GLES20.glViewport(0, 0, width, height);
}
In the method onDrawFrame, which is called to draw the current frame, we need to implement the render logic for the GLSurfaceView.
@Override
public void onDrawFrame(GL10 gl) {
// Clear screen to notify driver it should not load any pixels from previous frame.
GLES20.glClear(GLES20.GL_COLOR_BUFFER_BIT | GLES20.GL_DEPTH_BUFFER_BIT);
...
try {
// Obtain the current frame from ARSession. When the configuration is set to
// UpdateMode.BLOCKING (it is by default), this will throttle the rendering to the camera framerate.
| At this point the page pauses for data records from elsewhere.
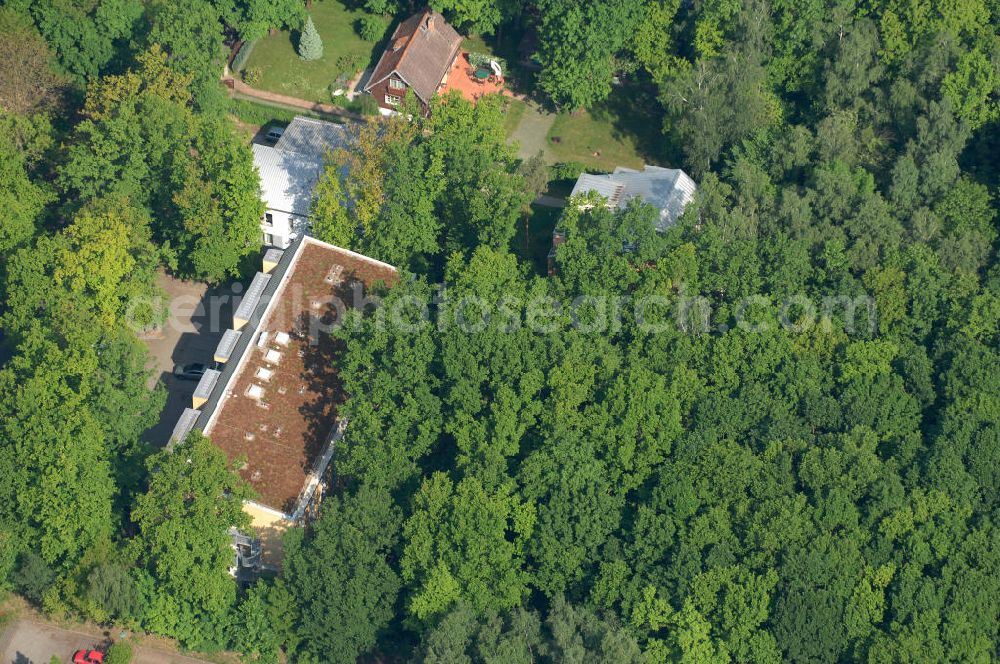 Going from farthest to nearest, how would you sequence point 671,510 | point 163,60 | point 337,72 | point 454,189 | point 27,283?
point 337,72 < point 163,60 < point 454,189 < point 27,283 < point 671,510

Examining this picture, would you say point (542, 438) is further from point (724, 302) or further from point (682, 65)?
point (682, 65)

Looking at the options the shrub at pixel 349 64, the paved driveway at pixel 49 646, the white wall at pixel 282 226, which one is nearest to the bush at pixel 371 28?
the shrub at pixel 349 64

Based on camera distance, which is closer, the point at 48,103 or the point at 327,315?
the point at 327,315

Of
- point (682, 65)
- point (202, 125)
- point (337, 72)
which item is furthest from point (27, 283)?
point (682, 65)

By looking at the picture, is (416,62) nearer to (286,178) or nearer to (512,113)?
(512,113)

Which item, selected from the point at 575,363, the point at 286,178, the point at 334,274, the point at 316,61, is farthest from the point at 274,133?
the point at 575,363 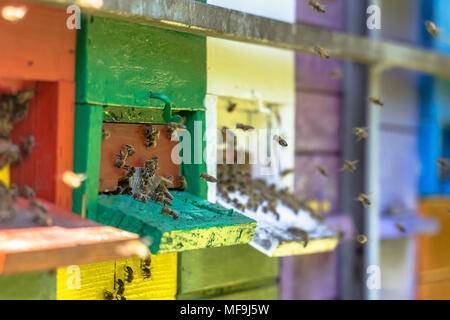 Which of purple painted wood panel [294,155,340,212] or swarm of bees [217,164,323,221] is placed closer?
swarm of bees [217,164,323,221]

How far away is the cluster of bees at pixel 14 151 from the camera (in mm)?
2955

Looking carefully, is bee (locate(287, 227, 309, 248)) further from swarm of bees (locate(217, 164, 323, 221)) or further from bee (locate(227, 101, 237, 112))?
bee (locate(227, 101, 237, 112))

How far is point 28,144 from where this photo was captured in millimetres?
3369

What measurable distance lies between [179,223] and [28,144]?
1.02 metres

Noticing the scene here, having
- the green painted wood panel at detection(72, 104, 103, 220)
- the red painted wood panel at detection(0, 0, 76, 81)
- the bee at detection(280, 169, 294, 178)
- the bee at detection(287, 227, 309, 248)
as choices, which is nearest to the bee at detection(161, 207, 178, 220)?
the green painted wood panel at detection(72, 104, 103, 220)

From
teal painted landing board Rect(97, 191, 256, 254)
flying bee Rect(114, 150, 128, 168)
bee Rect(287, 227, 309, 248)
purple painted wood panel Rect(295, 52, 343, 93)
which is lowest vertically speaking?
bee Rect(287, 227, 309, 248)

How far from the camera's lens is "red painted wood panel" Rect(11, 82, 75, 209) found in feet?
11.2

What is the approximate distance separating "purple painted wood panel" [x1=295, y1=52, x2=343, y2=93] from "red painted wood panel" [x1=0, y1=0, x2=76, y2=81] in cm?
295

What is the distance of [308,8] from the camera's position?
6.00 m

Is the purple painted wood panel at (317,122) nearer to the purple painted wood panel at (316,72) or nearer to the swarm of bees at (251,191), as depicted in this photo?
the purple painted wood panel at (316,72)

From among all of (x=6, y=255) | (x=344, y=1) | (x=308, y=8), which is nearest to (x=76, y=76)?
(x=6, y=255)

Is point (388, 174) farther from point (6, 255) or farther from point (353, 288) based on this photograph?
point (6, 255)

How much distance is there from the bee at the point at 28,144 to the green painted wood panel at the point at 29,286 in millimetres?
735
Frame frame = mSession.update();
Camera camera = frame.getCamera();
// Handle taps. Handling only one tap per frame, as taps are usually low frequency
// compared to frame rate.
MotionEvent tap = queuedSingleTaps.poll();
if (tap != null && camera.getTrackingState() == TrackingState.TRACKING) {
for (HitResult hit : frame.hitTest(tap)) {
// Check if any plane was hit, and if it was hit inside the plane polygon
Trackable trackable = hit.getTrackable();
// Creates an anchor if a plane or an oriented point was hit.
if ((trackable instanceof Plane && ((Plane) trackable).isPoseInPolygon(hit.getHitPose()))
|| (trackable instanceof Point
&& ((Point) trackable).getOrientationMode()
== Point.OrientationMode.ESTIMATED_SURFACE_NORMAL)) {
// Hits are sorted by depth. Consider only closest hit on a plane or oriented point.
// Cap the number of objects created. This avoids overloading both the
// rendering system and ARCore.
if (anchors.size() >= 250) {
anchors.get(0).detach();
anchors.remove(0);
}
// Adding an Anchor tells ARCore that it should track this position in
// space. This anchor is created on the Plane to place the 3D model
// in the correct position relative both to the world and to the plane.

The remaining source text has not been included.